Yesterday, the Supreme Court of the United States began hearing arguments for the new year. The 2018 calendars for January and February list 18 cases. Below are two: one centers on the reasonable expectation of privacy and the other about data held abroad.
Today, the court will hear Byrd v. United States. The issue in this case is “whether a driver has a reasonable expectation of privacy in a rental car when he has the renter’s permission to drive the car but is not listed as an authorized driver on the rental agreement” or, as stated in the SCOTUSBlog, “For Fourth Amendment purposes, does it matter who is on the car-rental agreement?”
Per the blog’s succinct summary, the case began in September 2014 when Terrence Byrd, of New Jersey, was driving alone in a car rented by his fiancée, Latasha Reed, though a presentencing report lists her as his “former girlfriend,” in Pennsylvania and was pulled over. Two state troopers searched his car without his consent and discovered a laundry bag in the trunk containing a flak jacket and 49 bricks of heroin. He was charged with possession with intent to distribute and possession of body armor after the felony conviction of a violent crime, pleaded guilty and received a 10-year prison term.
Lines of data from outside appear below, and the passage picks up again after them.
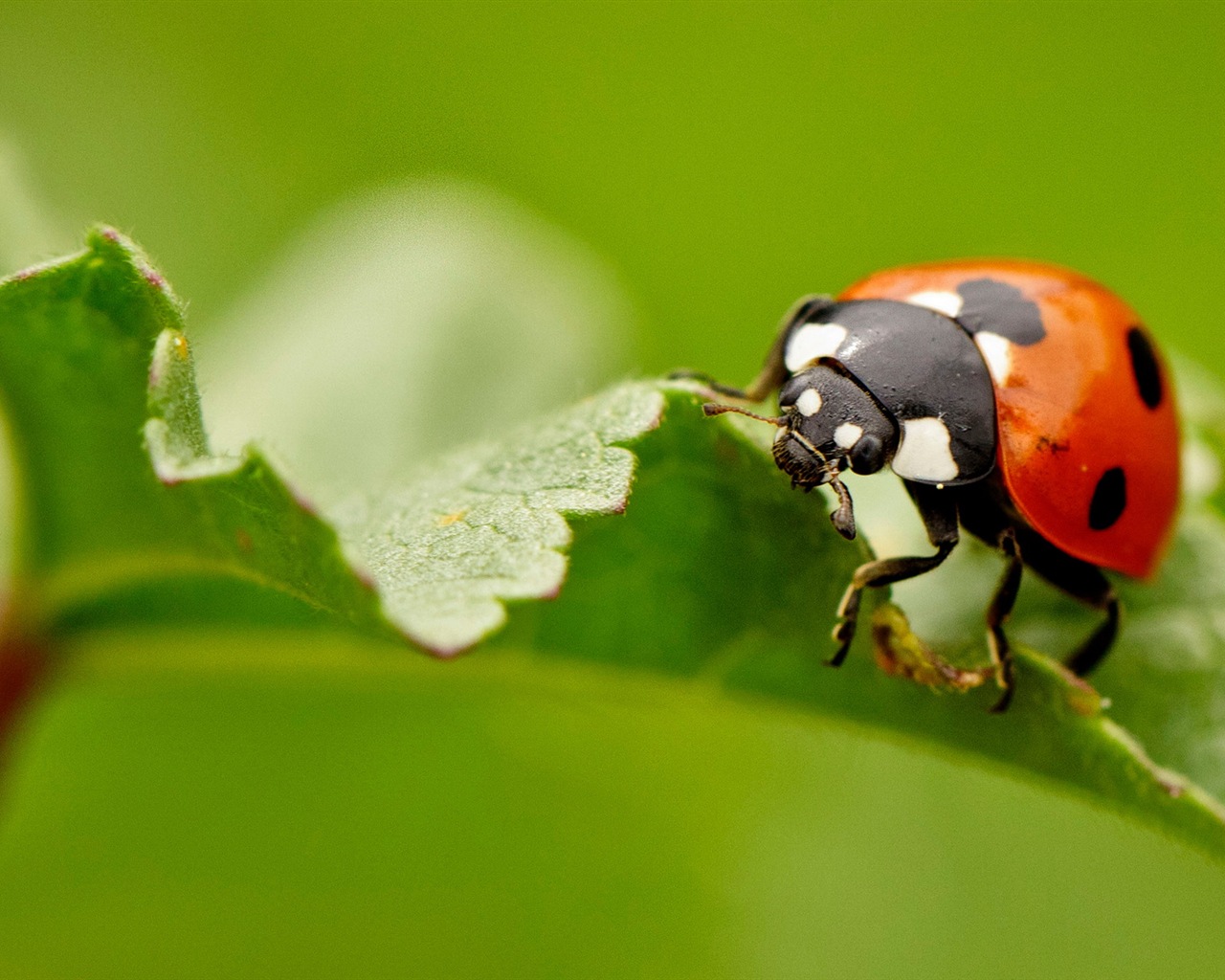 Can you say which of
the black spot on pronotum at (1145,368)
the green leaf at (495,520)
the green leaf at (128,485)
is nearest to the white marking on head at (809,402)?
the green leaf at (495,520)

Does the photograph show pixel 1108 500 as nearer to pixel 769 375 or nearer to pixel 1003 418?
pixel 1003 418

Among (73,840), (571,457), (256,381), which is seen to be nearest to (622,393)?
(571,457)

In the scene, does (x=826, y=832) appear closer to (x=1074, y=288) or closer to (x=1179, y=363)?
(x=1179, y=363)

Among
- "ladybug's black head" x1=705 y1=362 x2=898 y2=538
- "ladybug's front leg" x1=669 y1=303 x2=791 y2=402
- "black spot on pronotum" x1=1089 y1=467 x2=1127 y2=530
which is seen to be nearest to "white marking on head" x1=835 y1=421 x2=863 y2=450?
"ladybug's black head" x1=705 y1=362 x2=898 y2=538

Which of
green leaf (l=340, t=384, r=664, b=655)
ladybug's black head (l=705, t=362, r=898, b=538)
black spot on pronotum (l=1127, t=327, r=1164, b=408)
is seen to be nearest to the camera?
green leaf (l=340, t=384, r=664, b=655)

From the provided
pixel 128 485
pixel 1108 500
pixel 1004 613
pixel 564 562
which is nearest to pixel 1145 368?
pixel 1108 500

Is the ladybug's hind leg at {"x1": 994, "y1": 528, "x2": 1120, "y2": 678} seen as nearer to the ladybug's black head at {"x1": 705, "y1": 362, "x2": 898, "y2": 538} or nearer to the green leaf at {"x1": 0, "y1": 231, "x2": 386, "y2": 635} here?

The troopers had conducted the initial search without Byrd’s consent because he wasn’t listed on the rental agreement as an authorized driver and, therefore, had “no expectation of privacy” as protected by the Fourth Amendment. Byrd later argued that the troopers lacked probable cause for the search. The district court agreed with the government. The U.S. Court of Appeals for the 3rd Circuit upheld the ruling. Byrd turned to the Supreme Court for their opinion.
Byrd asserts his reasonable expectation of privacy isn’t dependent on whether he owned the car, but whether he was in “possession and control” over the car due to him being a family member of the renter, Reed.
Per the SCOTUSBlog, if “possession and control” were the test for a reasonable expectation of privacy, then Reed’s permission for him to drive the car doesn’t matter.
“Indeed, the government continues, under Byrd’s logic ‘even a car thief would have Fourth Amendment rights’ because he would have possession and control of the car.”
Also per the blog, if the Supreme Court upholds the ruling, then Byrd sees the following problems:
- “Even the driver would not have any reasonable expectation of privacy if he violated the terms of the rental agreement – a common occurrence.
- “Police officers would have an incentive to pull over any rental car they see, in the hope that the driver would not be listed on the rental agreement and they could search the car.
- “It would create additional burdens for police officers, by requiring them to try to figure out exactly what the terms and conditions of the rental agreement are, and whether the driver was complying with them.”
On one side, the American Civil Liberties Union sees a ruling in the government’s favor would unfairly affect lower-income drivers, who depend on car rentals because they cannot afford to purchase a car, and minorities, who also depend on car rentals and are more likely to be pulled over. And on the other side, the State of Arizona view a ruling in Byrd’s favor could have a positive impact on drug couriers, human traffickers and smugglers who also tend to use rental cars.
In several weeks from today, on Feb. 27, the court will hear the case of United States v. Microsoft. As Ars Technica summarizes, the case asks, “Can American law enforcement, with a valid warrant, obtain data physically held abroad by an American company?”
Microsoft says no, an American court order should not have any power abroad, while the Justice Department, yes, because then it would easier for American companies to not have to comply with court orders.
The case involves Outlook email messages in Ireland, which the U.S. government has sought through the Stored Communications Act. As Ars points out, it’s not known what the government hopes to learn by acquiring the messages, whether the email holder is an American citizen or whether he or she has been charged with a crime. Ars adds:
“The US government, could, however, use the Mutual Legal Assistance Treaty process as a way to contact Irish authorities to serve a local warrant upon Microsoft’s Irish subsidiary, which controls the data center, to obtain the data.”
At the end of 2017, literally on Dec. 31, the Republic of Ireland filed an amicus brief arguing that it would comply with an MLAT request “if and when it be made.”
We will follow both these cases and report on the results in a future post.